Seated alone, at a sidewalk table there’s a rakish, yellow coated punk (that’s me!) with shocking bright red hair. This person could be male or female and her/his back is turned towards us, so that s/he can clearly see the future at the top of the frame. And closer to the future there’s a young blonde woman in a big black dress (a big sister or a nanny) holding a small child against her chest. She’s facing us, of course, in order to protect the child.

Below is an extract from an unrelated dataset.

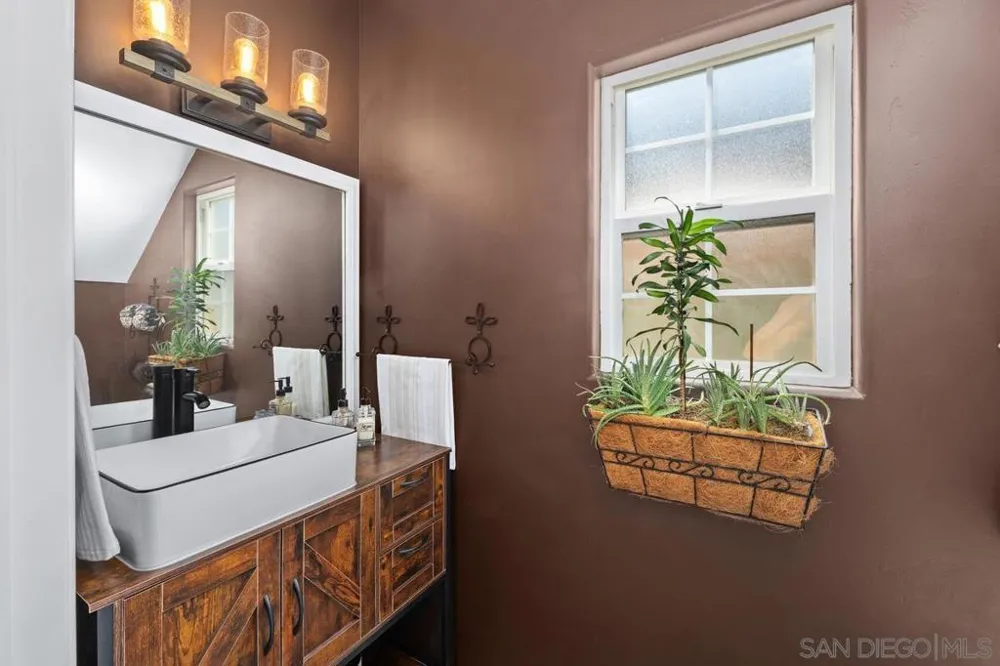 13044 Yerba Valley Way Lakeside, CA 92040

And what about this future? Dark green poplars line its streets, met by a bird’s-egg blue, cloud strewn sky. This future’s purely European: the sky is borrowed from Magritte, the poplars reek of secrets and opacity of the Alain Resnais and Robbe-Grillet kind. And just like in Magritte, there’s a man walking straight into this future, a generic European man in a shabby cap and overcoat. And like the future, and unlike the paintings of Magritte, this image is both liberating and extremely scary. He’s like the fucked-up heroines in Fassbinder’s Lola or Bette Gordon’s Variety, hobbling on high-heeled shoes towards a fate that the audience has long since guessed but they’re completely unaware of. But unlike the fucked-up heroines, this man seems to have no expectations.